Leur nom est aussi inconnu du grand public qu’il est familier aux acteurs du marché de l’art international. La famille Nahmad a constitué un patrimoine si impressionnant que pratiquement tout marchand qui veut vendre une œuvre impressionniste ou moderne croise forcément un jour son chemin. Pareil pour les musées. C’est ce qui est arrivé au Kunsthaus de Zurich, notamment quand il a mis sur pied la reconstitution partielle de la première rétrospective Picasso présentée en ses murs en 1932. Les Nahmad qui, avec quelques 300 Picasso de toutes les époques dans leurs dépôts, en possèdent la plus grande collection privée au monde après la famille du grand Pablo, lui ont consenti des prêts importants. C’est ainsi qu’est née l’idée d’élargir le champ et de présenter «The Nahmad Collection».

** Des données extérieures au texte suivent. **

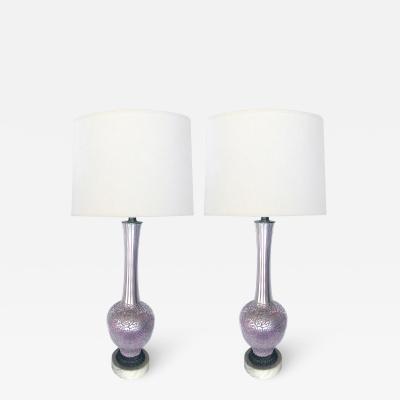 Tall pair of reverse silvered lamps with applied floral vine decoration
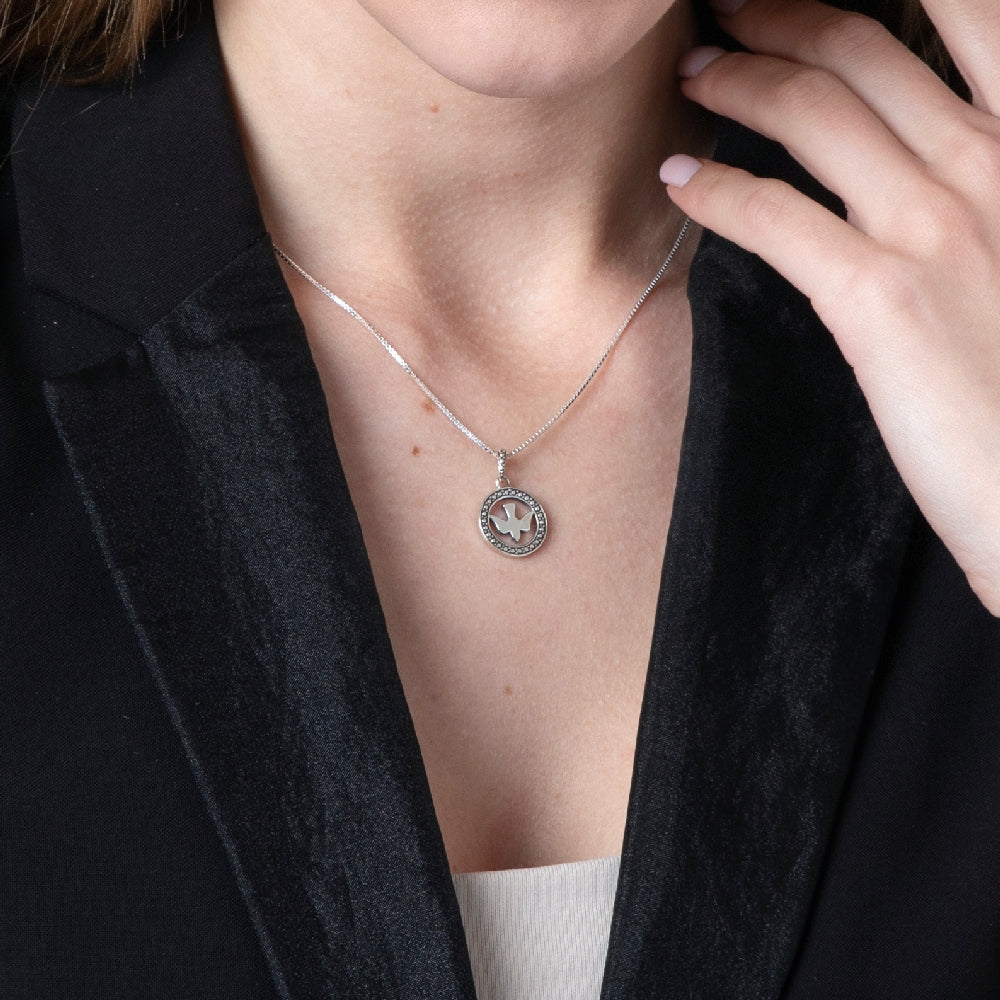 Round Dove Pendant Necklace in 925 Sterling Silver, Beaded Border – shown worn, close-up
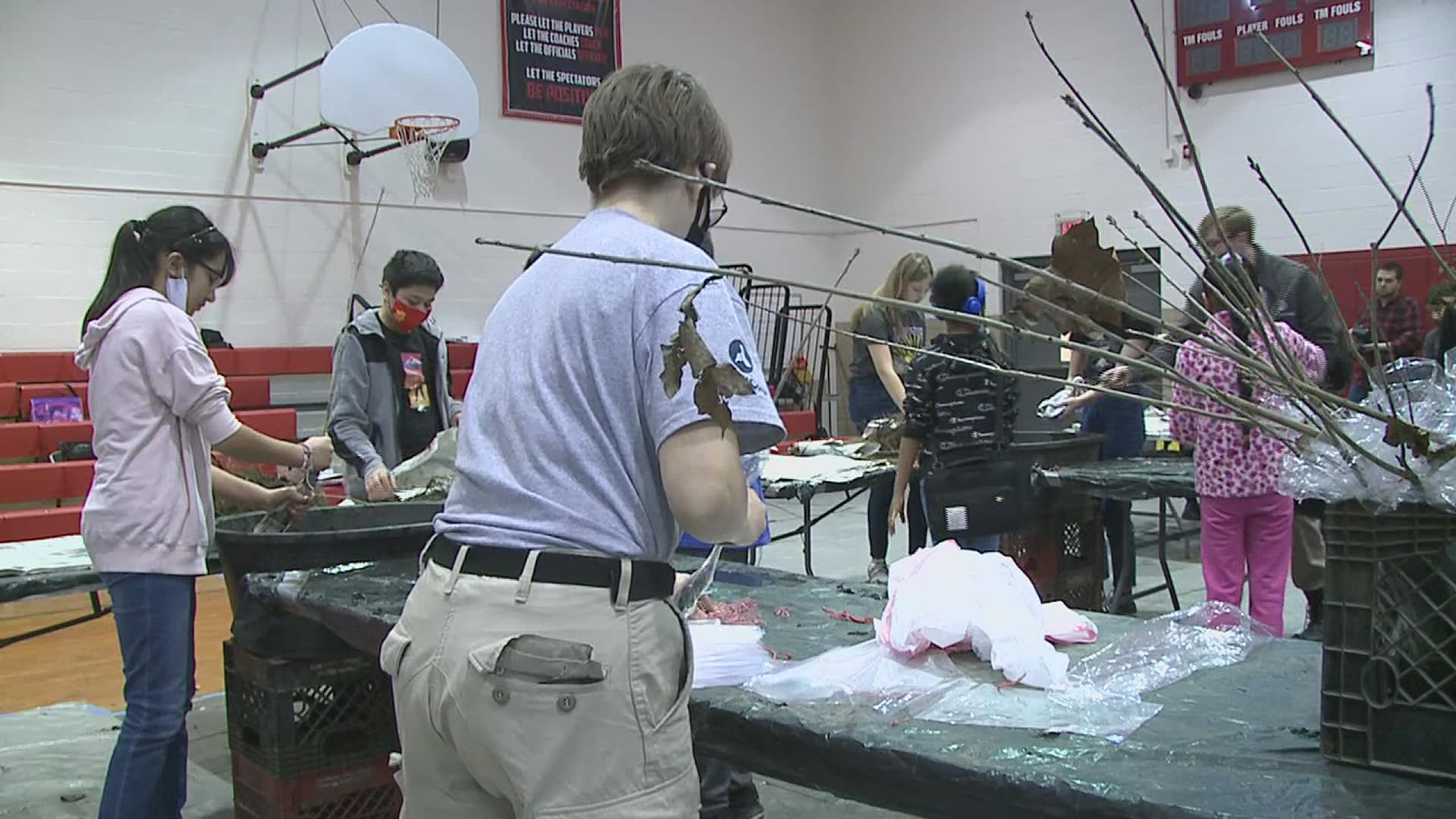 Living Land and Waters is visiting eight area schools in the Quad Cities to teach students about tree planting.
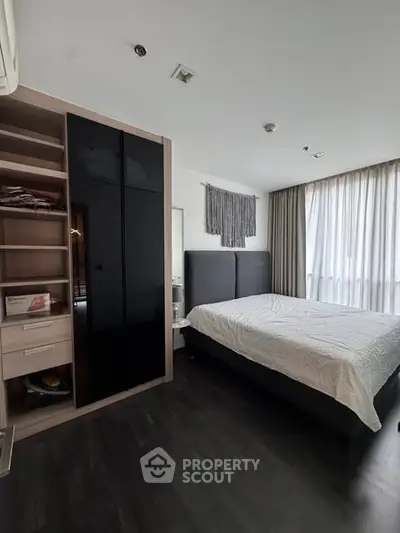 Modern bedroom with sleek black wardrobe and large window for natural light.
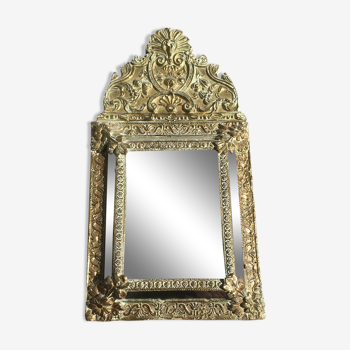 Mirror with antique parecloses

Une collection ? Jusqu’ici les Nahmad ne parlaient jamais des œuvres qu’ils possèdent en termes de collection. Celles-ci se trouvent d’ailleurs soigneusement consignées à l’ombre des dépôts des Ports Francs de Genève. On parle de 4 à 5000 œuvres acquises par les marchands d’art en une vingtaine d’années. Des marchands ? En 1998, dans le Journal des Arts, Helly Nahmad réfutait vigoureusement le terme: «Ma famille n’est pas une famille de marchands. Quand on traite avec des œuvres de ce calibre, ce n’est pas le terme approprié. Notre activité relève de l’investissement à long terme – sur plusieurs décennies parfois – et associe les métiers d’investisseur, de marchand et de collectionneur.» Aujourd’hui les mauvaises langues prétendent que la famille a accepté l’exposition de Zurich dans le seul but de faire monter le prix des œuvres qu’elle prête. Christoph Becker, directeur du Kunsthaus, balaie l’insinuation: «Je ne vois pas comment nous pourrions encore accroître la valeur de tels tableaux». Reste que les Nahmad ont le sens du business inscrit dans leur ADN. Helly Nahmad résume assez bien leur philosophie quand il explique: «Nous avons 100 Fontana en Suisse. Donc si nous payons un très gros prix pour un Fontana dans une vente aux enchères, en théorie, cela donne encore plus de valeur aux 100 autres.» CQFD ! Le poids considérable de l’argent dans toute cette affaire ? «C’est leur métier d’en gagner», rappelait Christoph Becker à la Tribune de Genève le 13 octobre dernier. «Ils comptent sur des plus-values. Mais il s’agit aussi d’amateurs réels et de vrais connaisseurs de peinture. Comment acheter juste si l’on n’y connaît rien ?»
Ce qui est sûr, c’est que le Kunsthaus de Zurich accueille jusqu’à mi-janvier un éblouissant florilège de chefs-d’œuvre. Et le terme de chefs-d’œuvre ici n’est pas un vain mot: ces 125 tableaux brossent une somptueuse (et sélective) leçon d’histoire de l’art entre l’impressionnisme tardif (Monet, Renoir, Degas) et le surréalisme (Miró, Magritte, Max Ernst), en passant par le cubisme (Picasso, Braque, Gris, Léger) et l’abstraction (Kandinsky, Malevitch, Mondrian).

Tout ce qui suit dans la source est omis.